'''
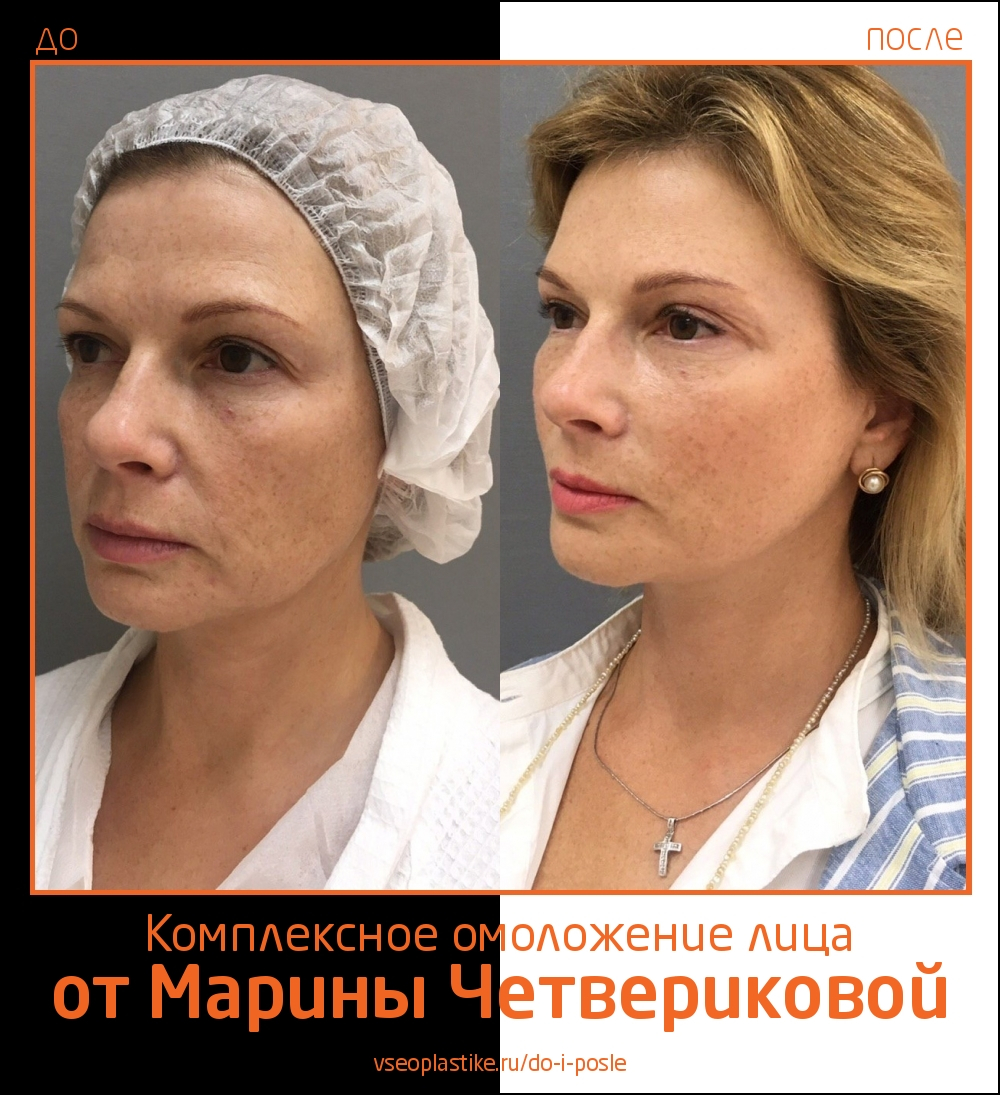 Марина Четверикова подтяжка лица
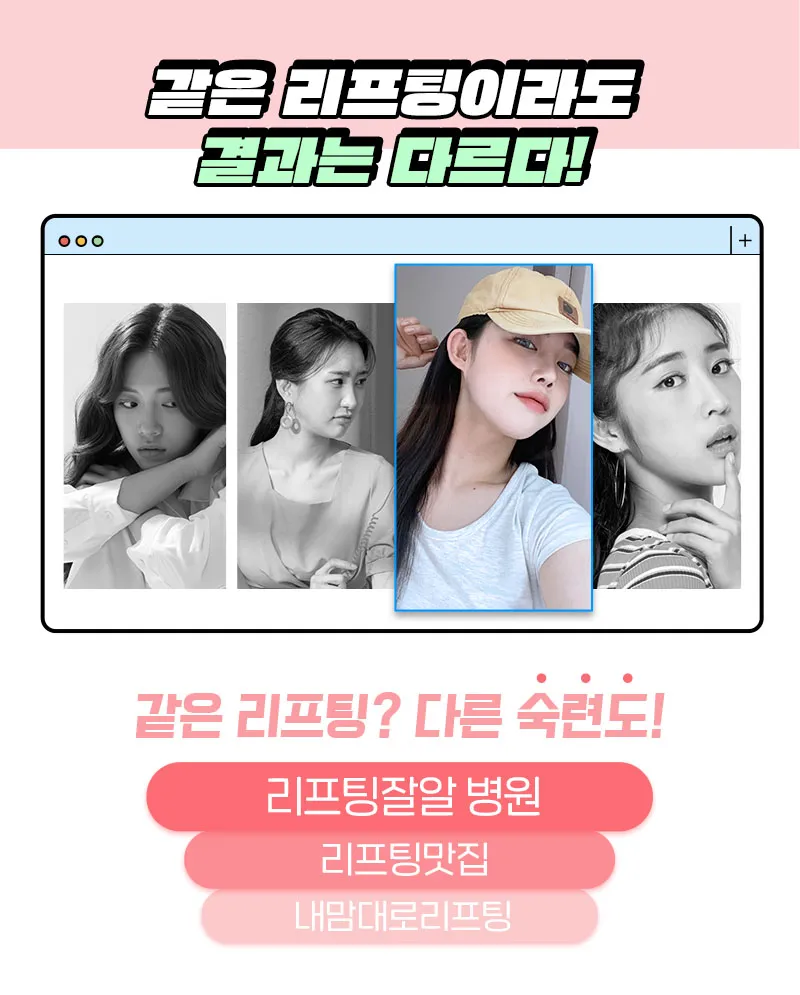 온리프성형외과 ★첫방문 이벤트★슈링크 리프팅 2만원 이벤트, 시술 상세 이미지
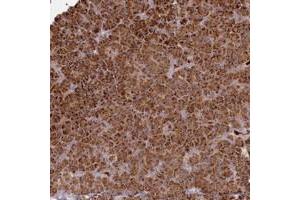 Immunohistochemical staining of human pancreas with BPIFC polyclonal antibody  shows strong cytoplasmic positivity in exocrine glandular cells. (BPIFC 抗体)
'''
What is expected. Return the listing above in full and unaltered. Keep the pictures out.

Result.
 Марина Четверикова подтяжка лица
 온리프성형외과 ★첫방문 이벤트★슈링크 리프팅 2만원 이벤트, 시술 상세 이미지
 Immunohistochemical staining of human pancreas with BPIFC polyclonal antibody  shows strong cytoplasmic positivity in exocrine glandular cells. (BPIFC 抗体)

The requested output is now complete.